Supplied material:
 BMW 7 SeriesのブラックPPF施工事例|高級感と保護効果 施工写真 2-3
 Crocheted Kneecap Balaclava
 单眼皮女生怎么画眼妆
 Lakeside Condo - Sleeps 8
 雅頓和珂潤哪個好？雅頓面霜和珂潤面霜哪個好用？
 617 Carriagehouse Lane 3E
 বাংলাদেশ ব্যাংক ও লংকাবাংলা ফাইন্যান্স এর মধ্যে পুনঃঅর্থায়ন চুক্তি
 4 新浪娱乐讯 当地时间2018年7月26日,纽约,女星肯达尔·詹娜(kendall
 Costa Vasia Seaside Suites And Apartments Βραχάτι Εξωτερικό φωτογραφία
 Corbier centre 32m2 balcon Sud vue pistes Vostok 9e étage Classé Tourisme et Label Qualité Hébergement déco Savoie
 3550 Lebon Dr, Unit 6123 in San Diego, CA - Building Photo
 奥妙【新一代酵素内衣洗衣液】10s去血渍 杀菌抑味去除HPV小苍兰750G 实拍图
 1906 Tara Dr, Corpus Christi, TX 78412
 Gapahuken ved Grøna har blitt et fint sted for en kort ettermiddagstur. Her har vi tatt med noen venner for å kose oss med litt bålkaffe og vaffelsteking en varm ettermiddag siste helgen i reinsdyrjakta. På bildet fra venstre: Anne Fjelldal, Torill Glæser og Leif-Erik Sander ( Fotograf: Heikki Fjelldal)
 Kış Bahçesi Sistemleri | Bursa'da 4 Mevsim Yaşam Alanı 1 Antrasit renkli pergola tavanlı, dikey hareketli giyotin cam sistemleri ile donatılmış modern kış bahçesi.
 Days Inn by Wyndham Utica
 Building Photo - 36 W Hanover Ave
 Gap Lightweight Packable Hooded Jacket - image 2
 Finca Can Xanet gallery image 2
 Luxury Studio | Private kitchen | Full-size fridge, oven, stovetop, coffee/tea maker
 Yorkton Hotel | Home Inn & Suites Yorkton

Task prompt:
Check each line of the data above for the string "Building" and report only how many lines have it.

Output for this task:
2